Now, that may end up being two years spent sitting across the table from a stony faced Frenchman with his arms crossed, who repeatedly advises you that the tariff is the tariff and there’s nothing else to say. At least you’d get to drink some coffee and eat some nice pâtisseries et macarons etc.
This is a key area that causes confusion because some people have the idea that the ‘negotiation’ is simply the EU working out what you can have and just telling you and that this is what is intended by the wording of the treaty article.
This is based on confusion about the leaving party not being part of the commission’s ‘discussions’. In reality it simply means you can’t sit on their side of the table and you can’t join the room when they want to discuss things among themselves. Not complicated really.
So why would the EU negotiate in good faith? Consider the statement from the blog post we are referencing:
“The next time a kipper tells you the EU’s economy is shrinking remind them only Finland and Greece have that problem. The rest are growing fine”
I might pick on the ‘growing fine’ comment because growth has to exceed inflation to be positive in real terms. However, as the EU (generally I think or maybe just the Eurozone) is in deflation that might not be an issue.
All growing fine yes of course nothing to see. Remember that certain economies will be contributing more to that growth than others, so it is not distributed evenly.
Now, moving on: ‘UK in no position to preach.’
Agreed but it is not about preaching. I’ll be totally honest about the UK economy… It’s crap. Huge deficit and a debt mountain, poor productivity, debt and property boom fueled ‘growth’.
So when our blogging friend puts out graphs of UK sovereign debt with a sword above it, it’s predictably horrific. I don’t disagree, never do. Why would I as I’m not in the habit of embellishing or lying.
However: UK Sovereign debt is not unique in Europe:
Do you notice who sits next to the UK in the debt table.
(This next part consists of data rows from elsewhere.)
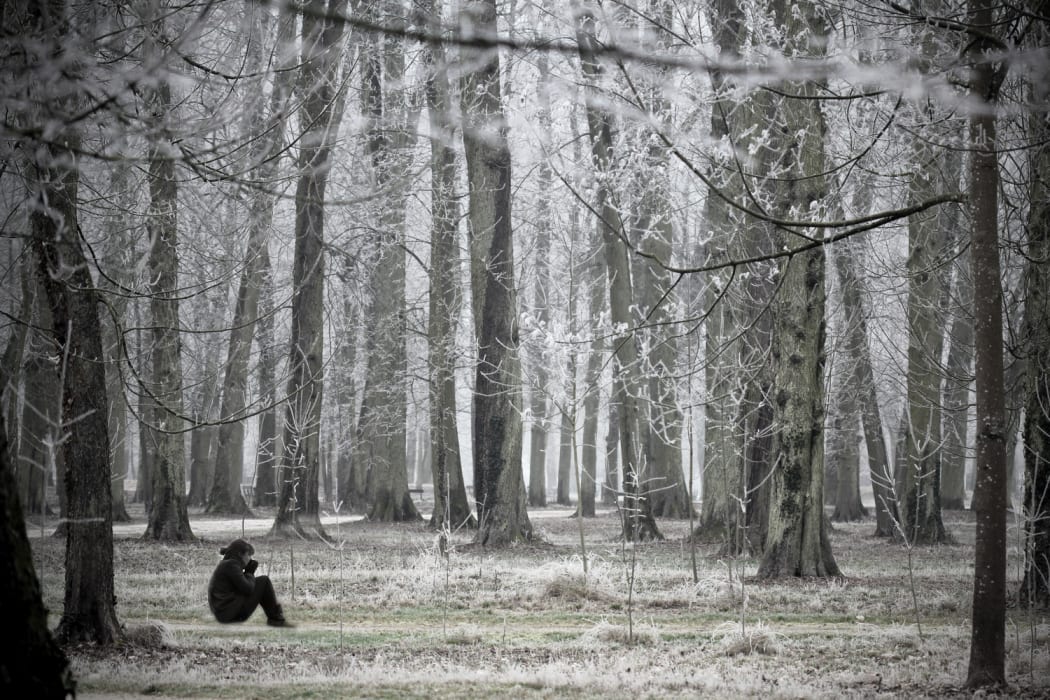 Woman seated alone in snowy forest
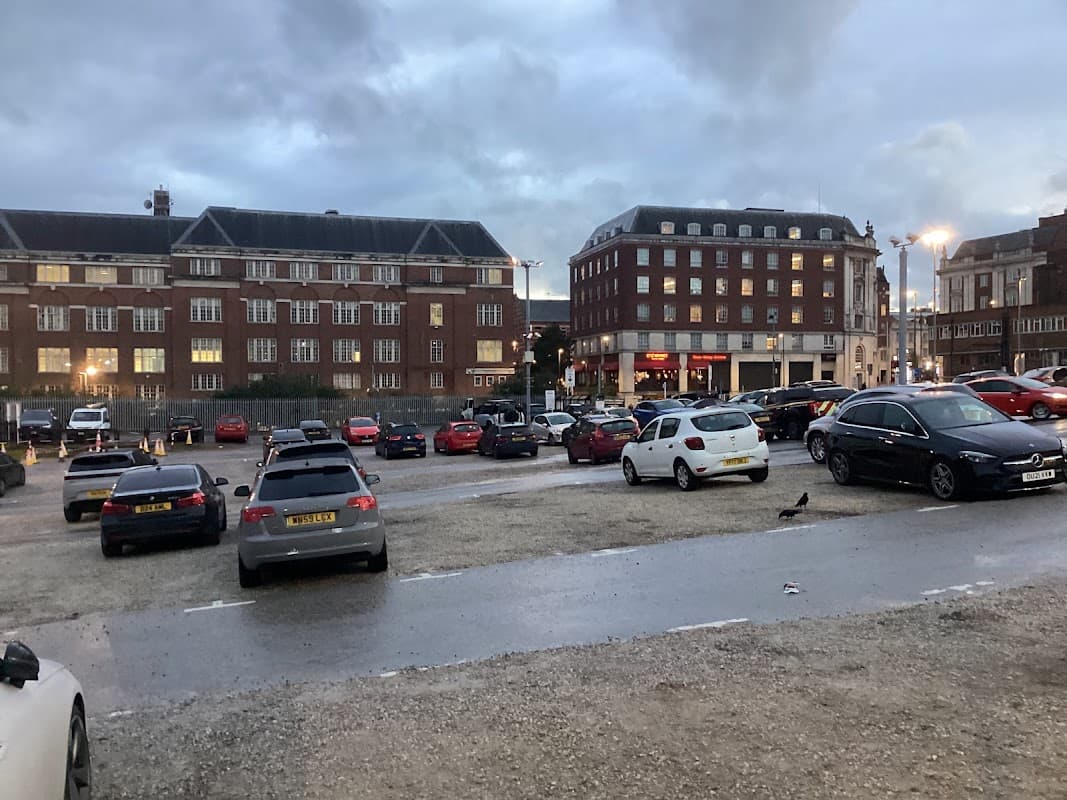 Pay & Display car park with various parked cars, buildings in the background, and a cloudy evening sky in Leeds.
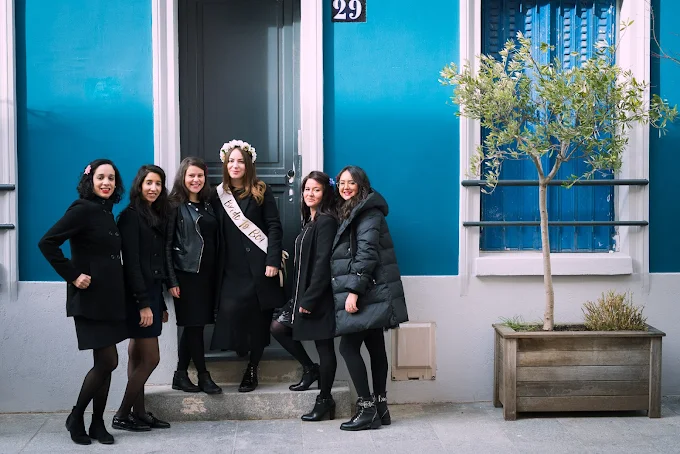 groupe de femmes en noir posant devant une maison bleue pendant un evjf a paris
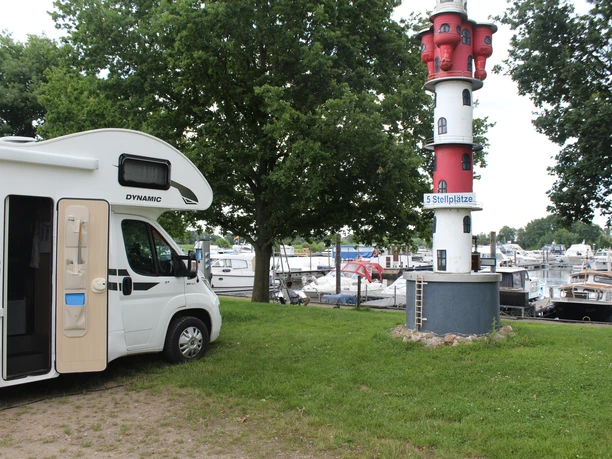 Wohnmobil neben rot-weißem Leuchtturm am Hafen, umgeben von Bäumen und Booten im Wasser.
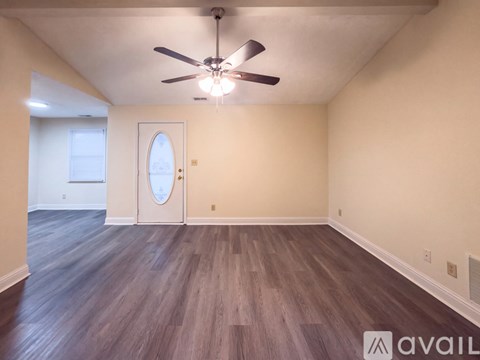 A room with a ceiling fan and carpeted floor.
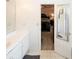 Bathroom area showcases an open door into the bedroom, plus white cabinets and countertops at 2397 Planters Cove Dr, Lawrenceville, GA 30044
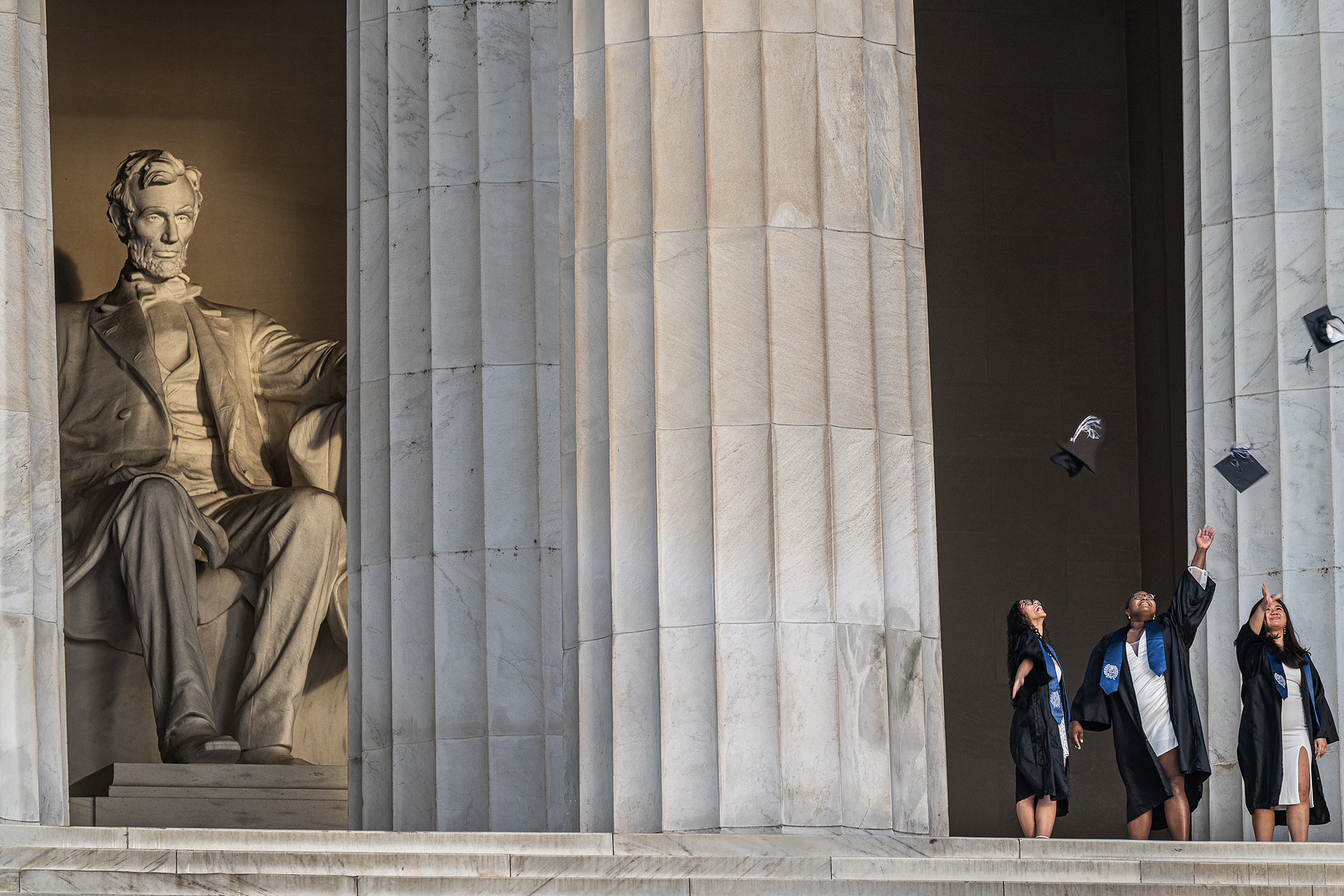 Lincoln in his Memorial watches the graduates tossing their caps into the air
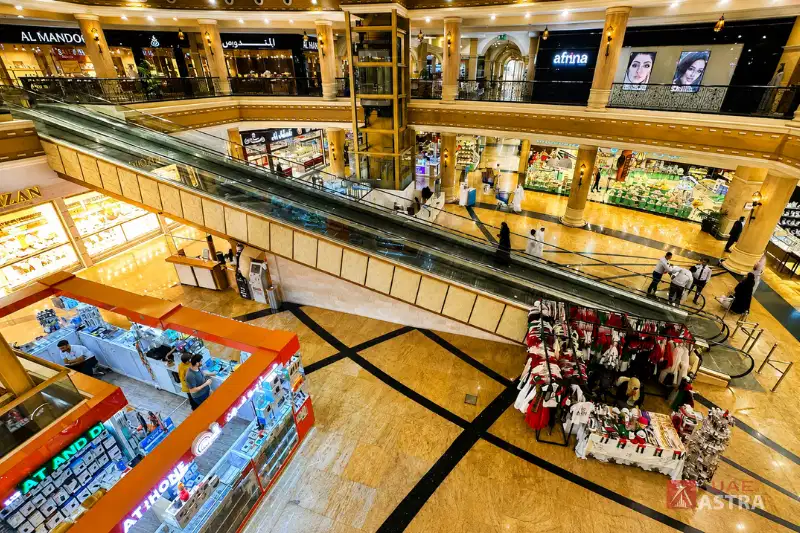 Etihad Mall Dubai interior with escalators and multiple shops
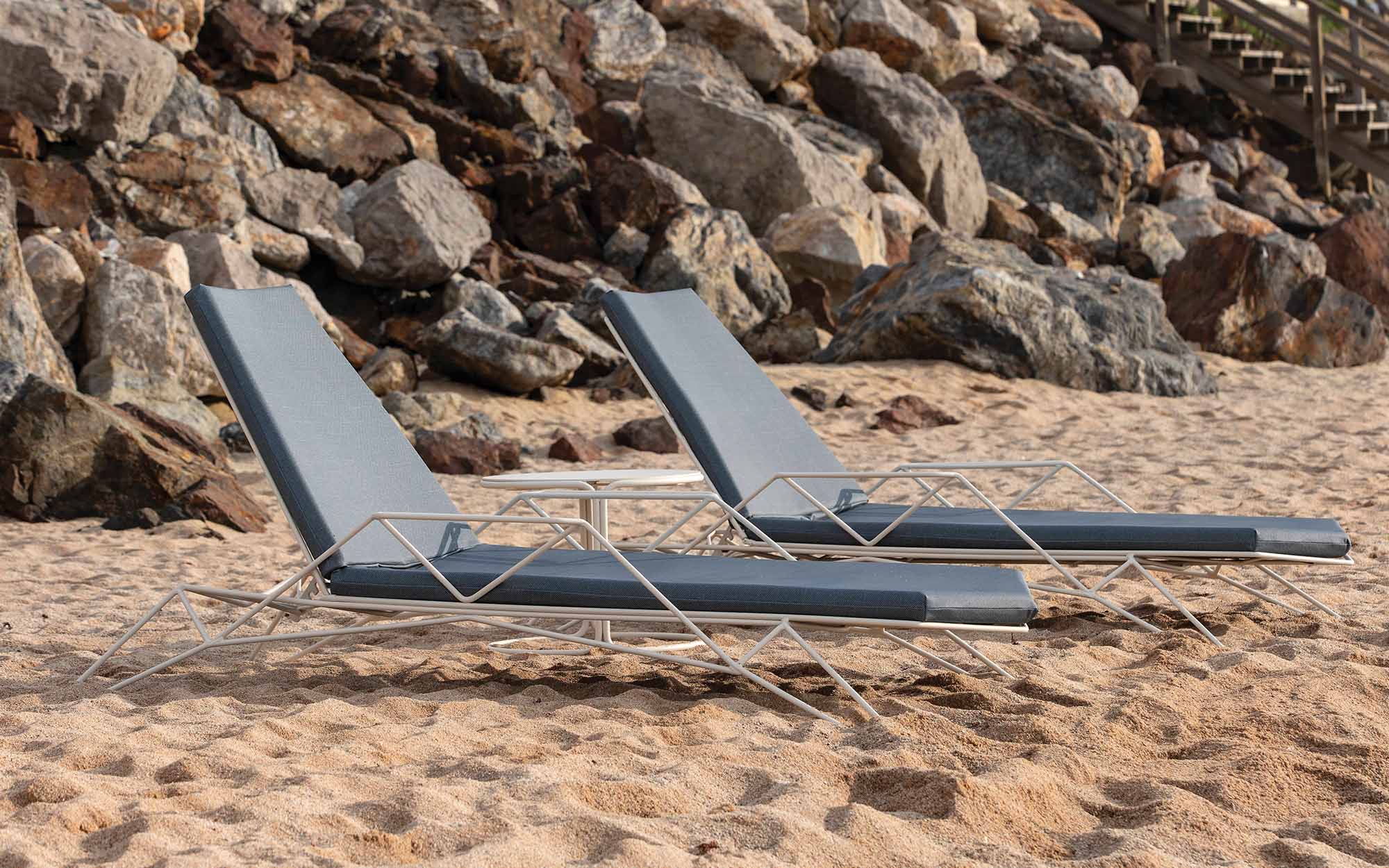 two lounge chairs resting on beach.
iSiMAR Mitjorn Sun lounger.
Designed by Ramón Esteve, 100 percent recycled and recyclable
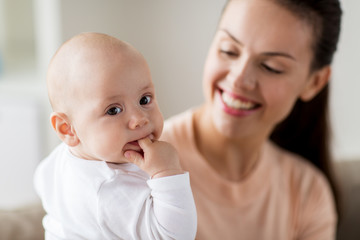 happy mother with little baby boy at home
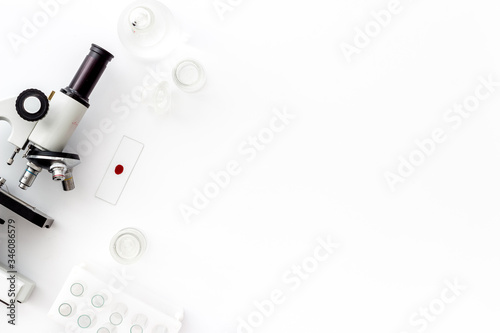 Research with microscope. Laboratory backround with blood sample on white table top view copy space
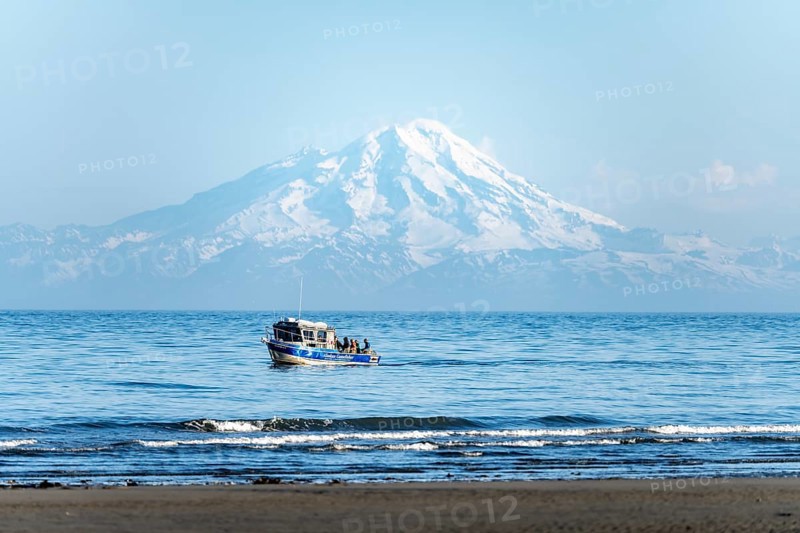 View of Cook Inlet on white mountain peaks of Mount Redoubt, mountains of the Aleutian range, motor boat on the ocean, Anchor Point, Anchor River State Recreation Area, Alaska, USA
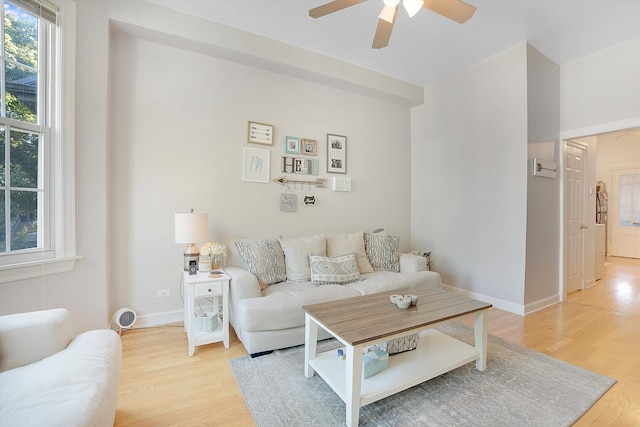 living room with ceiling fan and light hardwood / wood-style flooring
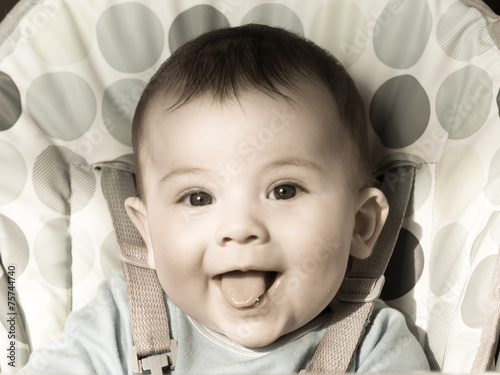 Portrait of small caucasian baby boy sitting at the chear photo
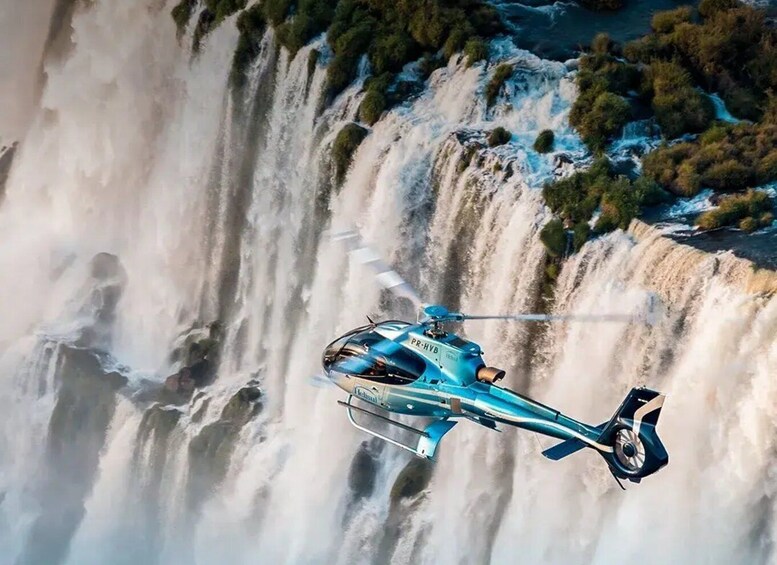 A helicopter flying over a waterfall. 3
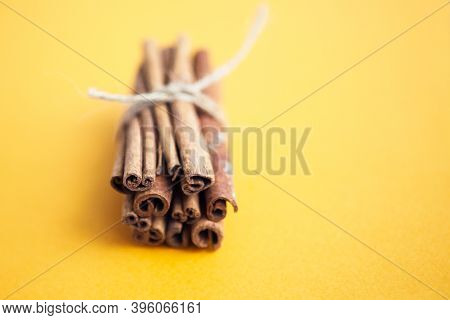Cinnamon Sticks Held Together With Jute Rope On The Yellow Background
Yes our great friends France.
The author of the blog just happens to live in France but only ever draws attention to UK national debt. He did this before starting to complain about loss of value of the pound.
Predicted crash of the pound.
This is a prediction I have relayed to me frequently now the referendum date is fixed. This is an area where I can only presume EUpeons of all stripes are blinded by the success of their 17 year old currency.
I make the same point each time. A nation’s currency (in a floating fiat currency system at least) should reflect: Currency trader’s confidence in the productive capacity of the nation, confidence in the sitting government to manage the state’s finances successfully and the risk of the nation defaulting on debts and/or devaluing its currency. Also other factors such as the level and likelihood of high(er) inflation.
So. The level of the UK pound will be set by the market, which is of course a tough master.
IT should be remembered that artificially supported currencies allow governments to borrow too cheaply and overspend. Remind you of anyone… Greece maybe?
So I maintain that in the longer term, a true reflection of the value of the pound is a good thing (providing short term volatility can be managed and the whole of the UK economy doesn’t collapse of course). Basically a floating currency (generally) keeps a government more honest and constrains excessive borrowing (I know, I know).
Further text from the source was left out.